Data to process
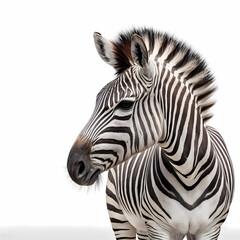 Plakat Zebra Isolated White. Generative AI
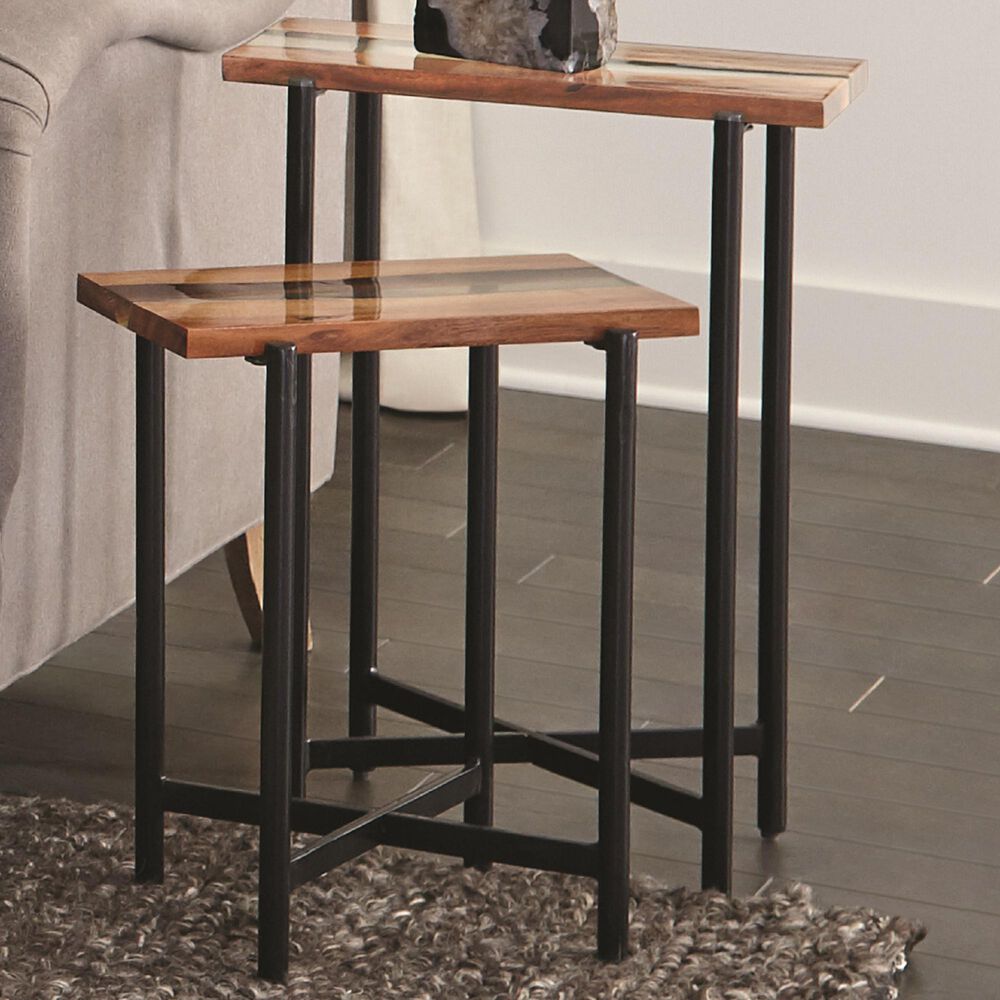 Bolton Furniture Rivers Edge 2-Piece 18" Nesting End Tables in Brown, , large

* * *

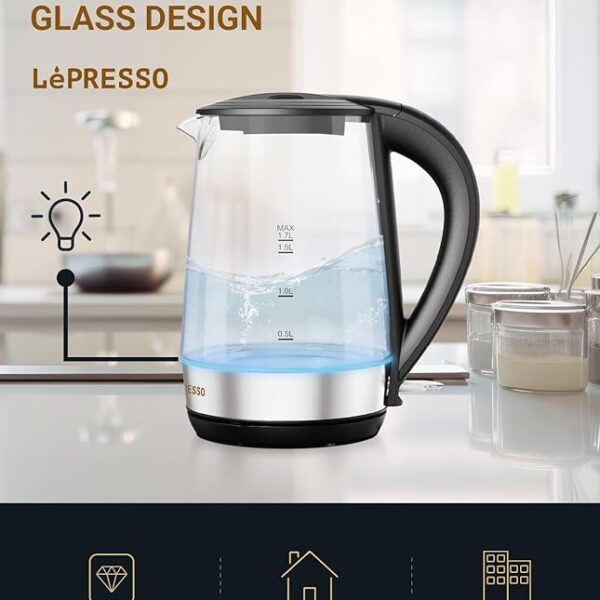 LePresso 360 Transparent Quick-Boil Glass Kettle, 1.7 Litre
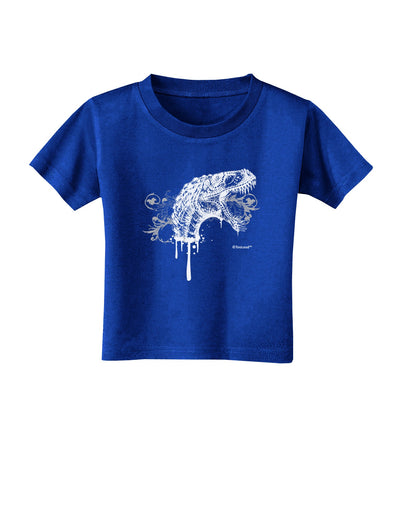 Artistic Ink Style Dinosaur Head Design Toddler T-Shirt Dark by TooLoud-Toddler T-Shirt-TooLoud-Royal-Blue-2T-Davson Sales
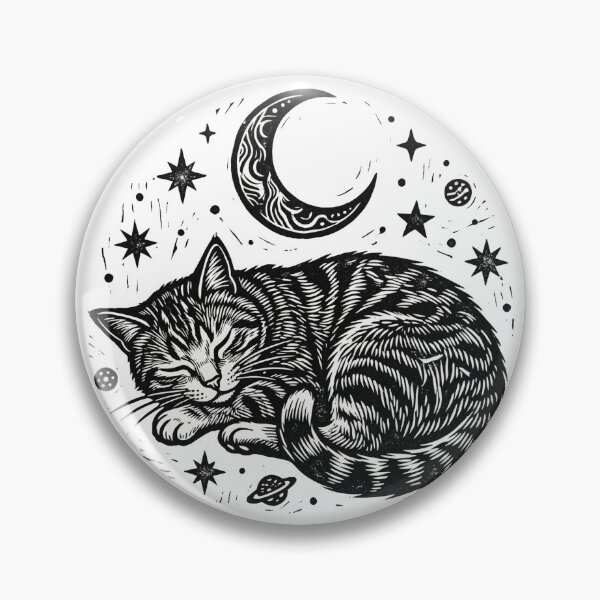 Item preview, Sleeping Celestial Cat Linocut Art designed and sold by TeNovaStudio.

Exercise
In the listing above, find the line with "Plakat Zebra Isolated White. Generative AI" and the line with "Bolton Furniture Rivers". Output both, plus every line between them, and no pictures.

Solution for this task
 Plakat Zebra Isolated White. Generative AI
 Bolton Furniture Rivers Edge 2-Piece 18" Nesting End Tables in Brown, , large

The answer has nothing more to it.